Required action: What is needed is an exact copy of the lines from the line holding "Nova ‘grande erupção’" through the end of the material, with no other lines and no pictures.

-------- Input for this task

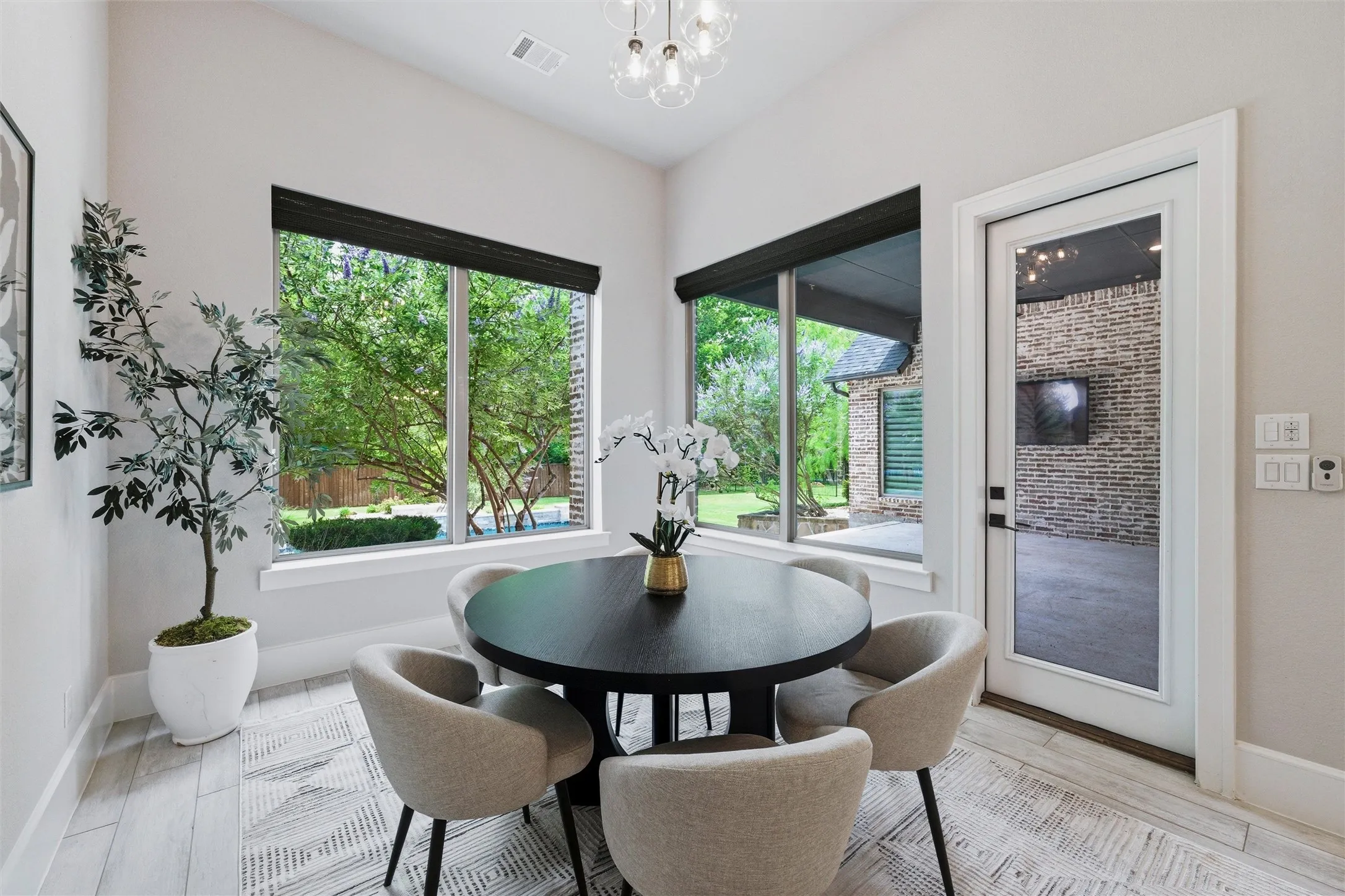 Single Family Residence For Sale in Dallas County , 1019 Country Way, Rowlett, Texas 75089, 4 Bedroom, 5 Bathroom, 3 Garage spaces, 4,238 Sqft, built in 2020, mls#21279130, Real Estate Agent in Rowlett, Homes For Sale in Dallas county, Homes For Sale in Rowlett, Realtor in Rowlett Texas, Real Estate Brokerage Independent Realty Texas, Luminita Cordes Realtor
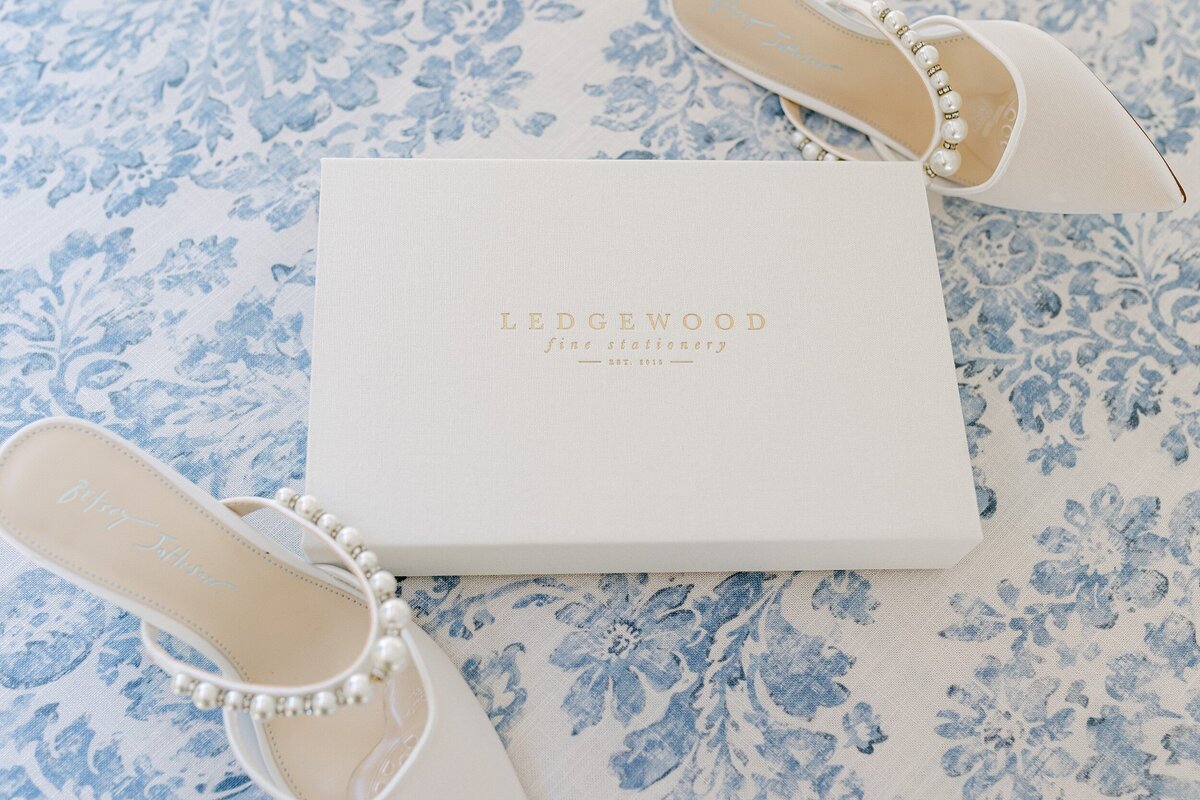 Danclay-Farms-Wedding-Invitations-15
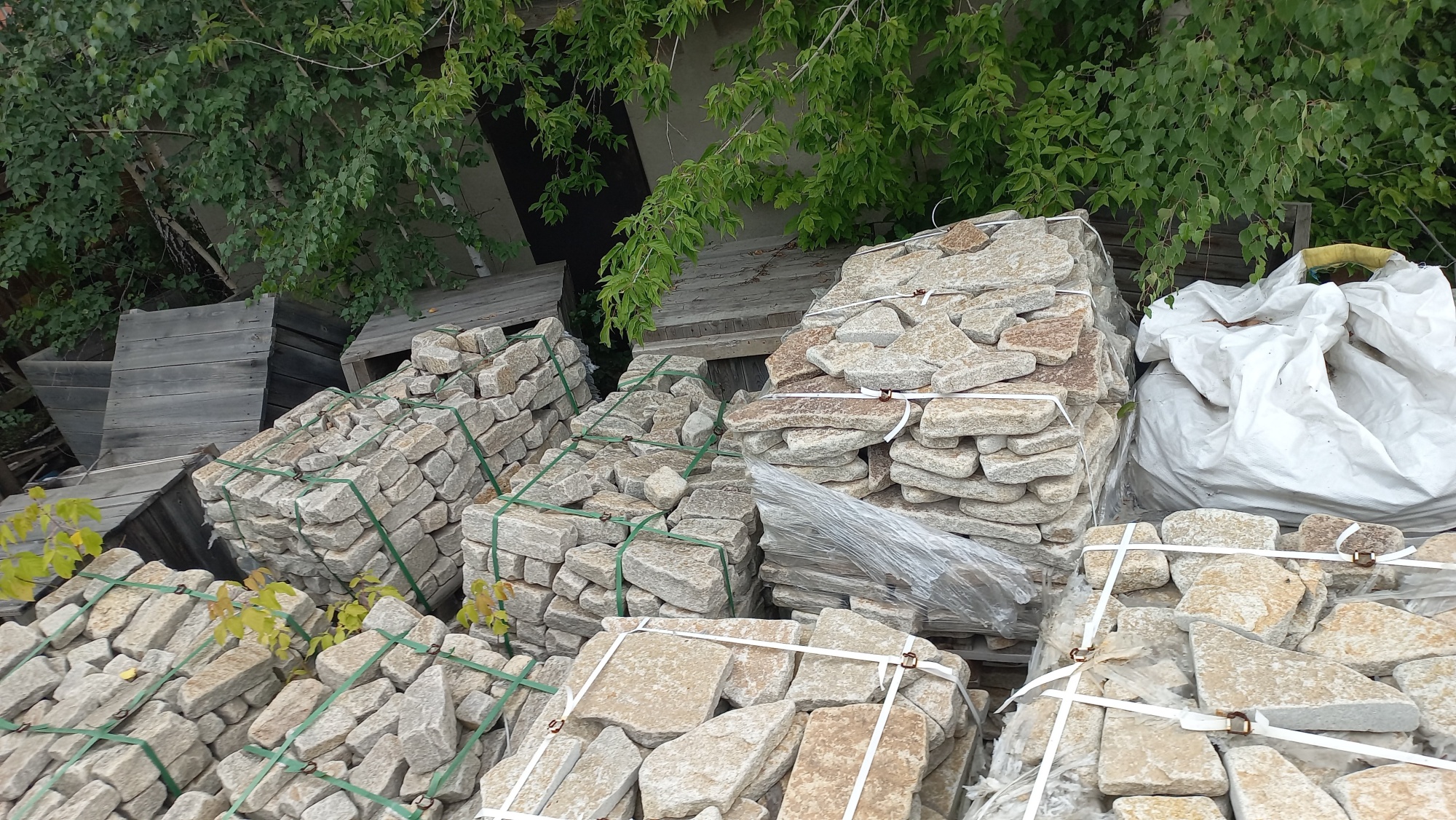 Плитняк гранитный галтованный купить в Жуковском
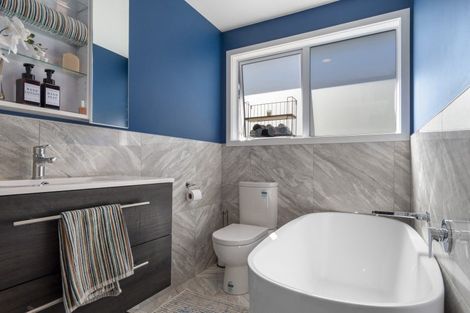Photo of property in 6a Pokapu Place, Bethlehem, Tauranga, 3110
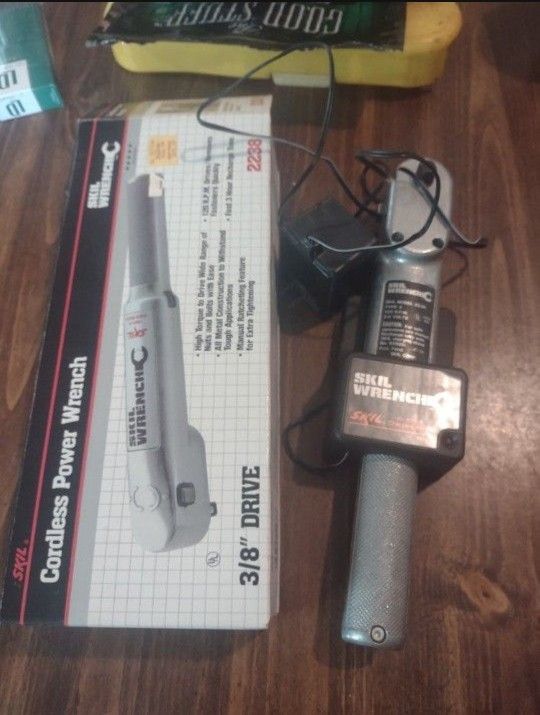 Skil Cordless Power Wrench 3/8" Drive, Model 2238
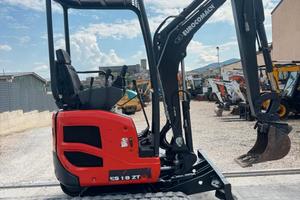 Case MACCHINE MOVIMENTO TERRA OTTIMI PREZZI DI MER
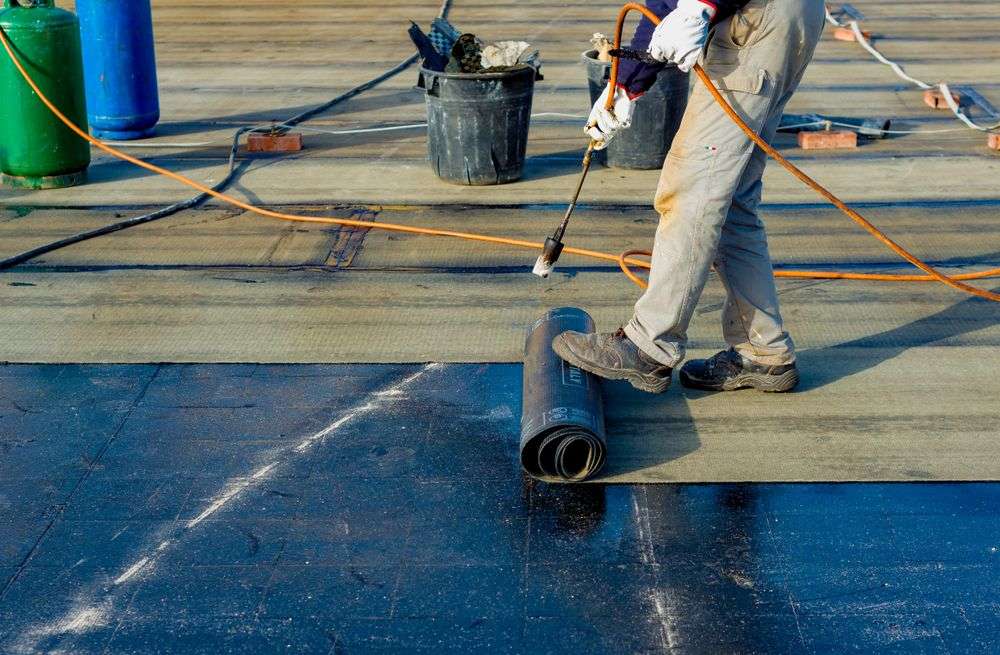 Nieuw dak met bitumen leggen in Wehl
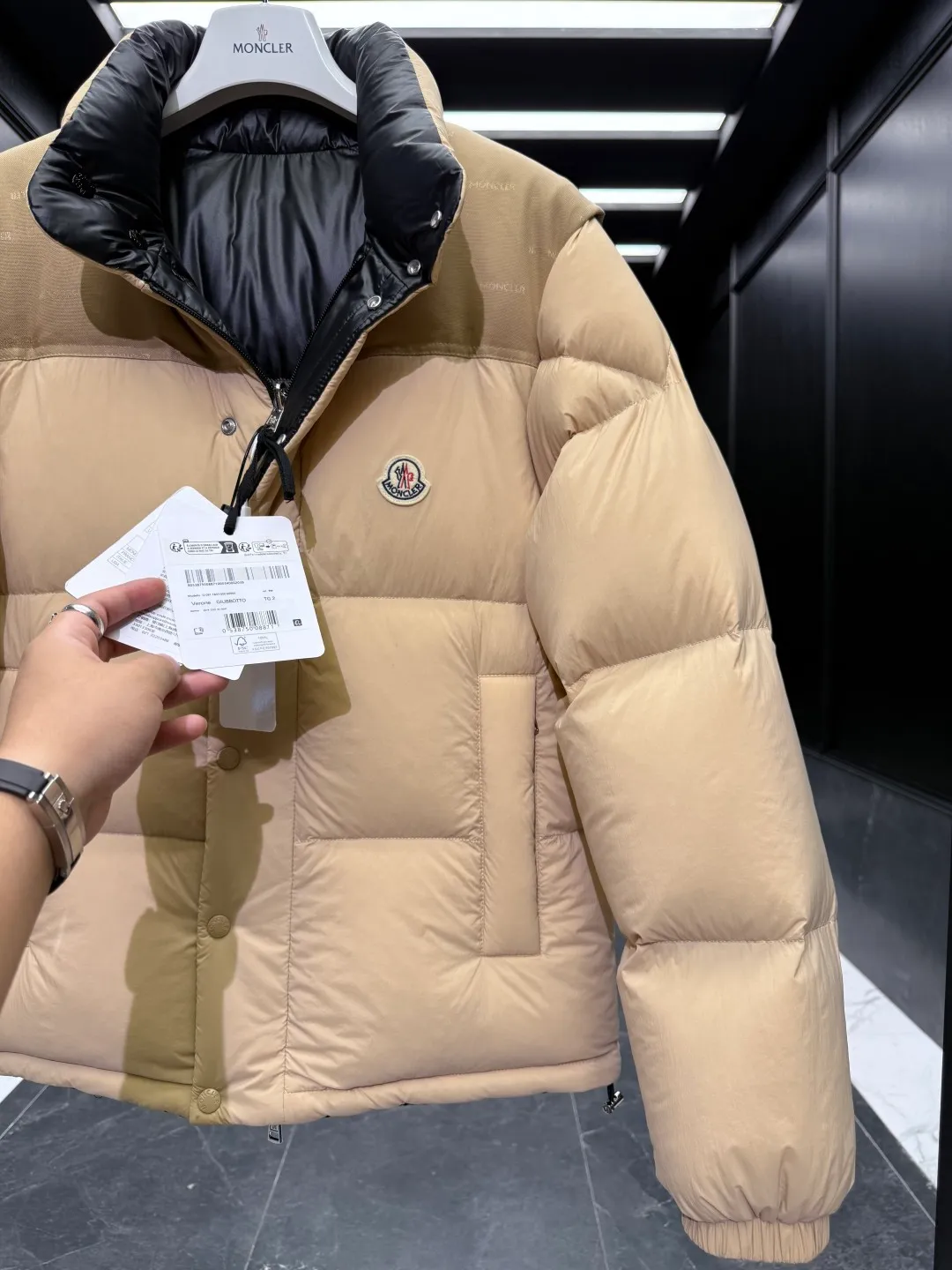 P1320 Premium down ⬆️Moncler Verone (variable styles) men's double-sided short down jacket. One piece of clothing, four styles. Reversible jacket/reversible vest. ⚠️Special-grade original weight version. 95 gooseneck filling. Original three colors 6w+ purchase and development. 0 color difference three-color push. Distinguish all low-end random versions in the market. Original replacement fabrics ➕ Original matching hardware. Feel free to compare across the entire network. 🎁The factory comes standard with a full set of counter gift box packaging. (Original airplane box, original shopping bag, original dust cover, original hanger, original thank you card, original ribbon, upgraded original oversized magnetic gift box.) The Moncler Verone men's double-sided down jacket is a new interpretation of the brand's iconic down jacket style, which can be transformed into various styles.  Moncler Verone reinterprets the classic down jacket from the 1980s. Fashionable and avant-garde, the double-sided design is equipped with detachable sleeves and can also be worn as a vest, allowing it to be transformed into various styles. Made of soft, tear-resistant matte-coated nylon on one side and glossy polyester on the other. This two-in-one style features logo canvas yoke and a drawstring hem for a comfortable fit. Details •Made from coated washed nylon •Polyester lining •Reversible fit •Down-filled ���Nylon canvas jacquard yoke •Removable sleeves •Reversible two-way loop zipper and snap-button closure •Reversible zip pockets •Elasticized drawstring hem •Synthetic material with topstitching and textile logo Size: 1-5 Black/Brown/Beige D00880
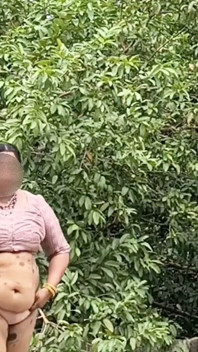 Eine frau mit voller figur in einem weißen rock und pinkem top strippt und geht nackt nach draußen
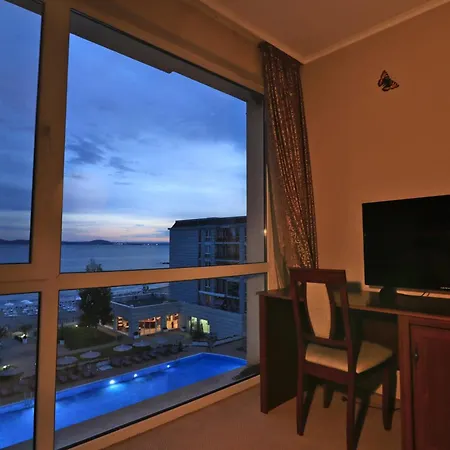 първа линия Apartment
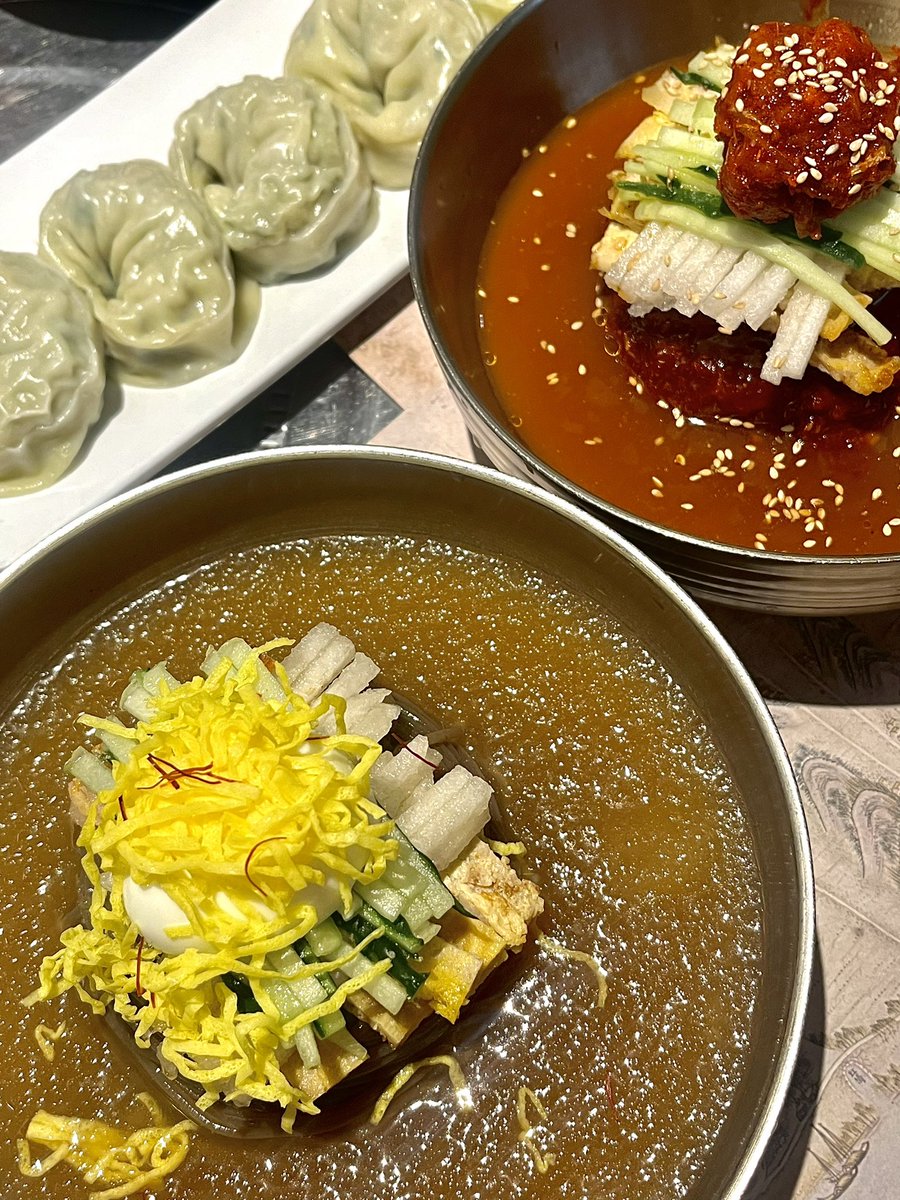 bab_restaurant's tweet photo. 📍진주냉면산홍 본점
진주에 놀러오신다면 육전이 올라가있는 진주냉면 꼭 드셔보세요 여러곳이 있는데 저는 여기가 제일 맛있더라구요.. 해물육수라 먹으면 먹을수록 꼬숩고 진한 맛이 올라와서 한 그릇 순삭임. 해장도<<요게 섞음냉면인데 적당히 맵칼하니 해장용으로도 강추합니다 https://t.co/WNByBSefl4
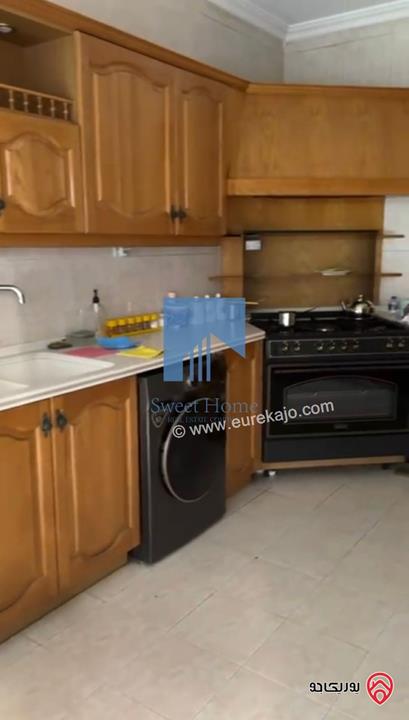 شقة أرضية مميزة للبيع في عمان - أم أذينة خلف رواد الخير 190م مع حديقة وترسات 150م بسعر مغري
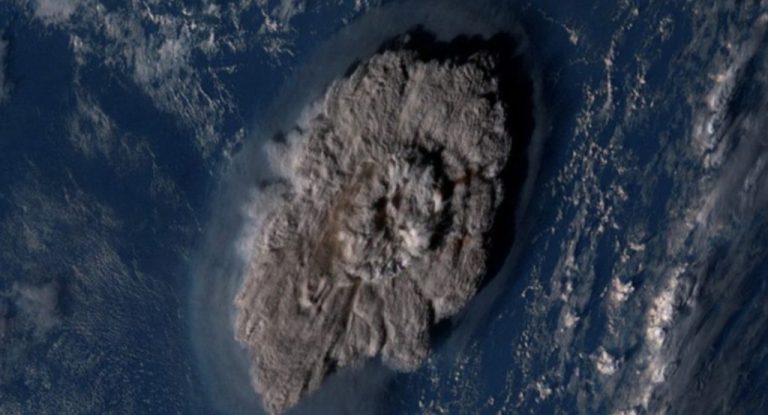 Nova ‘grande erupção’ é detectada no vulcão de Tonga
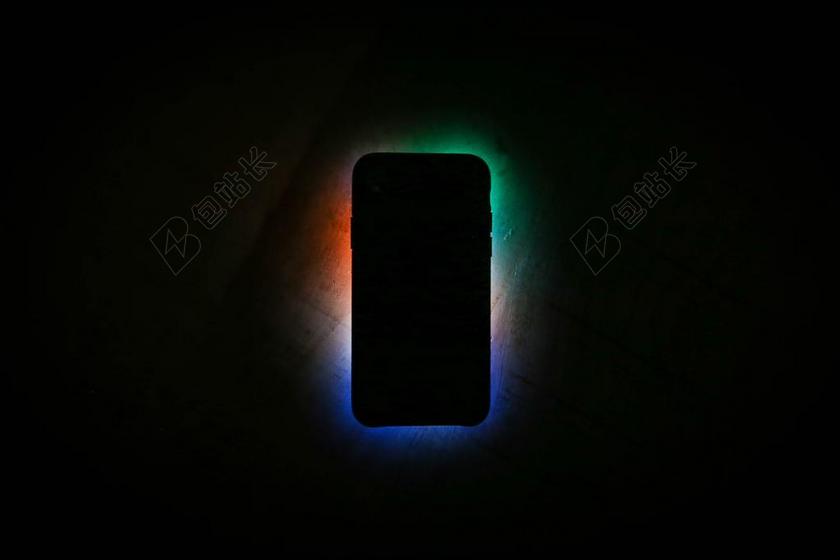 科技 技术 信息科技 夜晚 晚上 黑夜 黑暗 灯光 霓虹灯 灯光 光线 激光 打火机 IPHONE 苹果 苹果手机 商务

----------------

Written response:
 Nova ‘grande erupção’ é detectada no vulcão de Tonga
 科技 技术 信息科技 夜晚 晚上 黑夜 黑暗 灯光 霓虹灯 灯光 光线 激光 打火机 IPHONE 苹果 苹果手机 商务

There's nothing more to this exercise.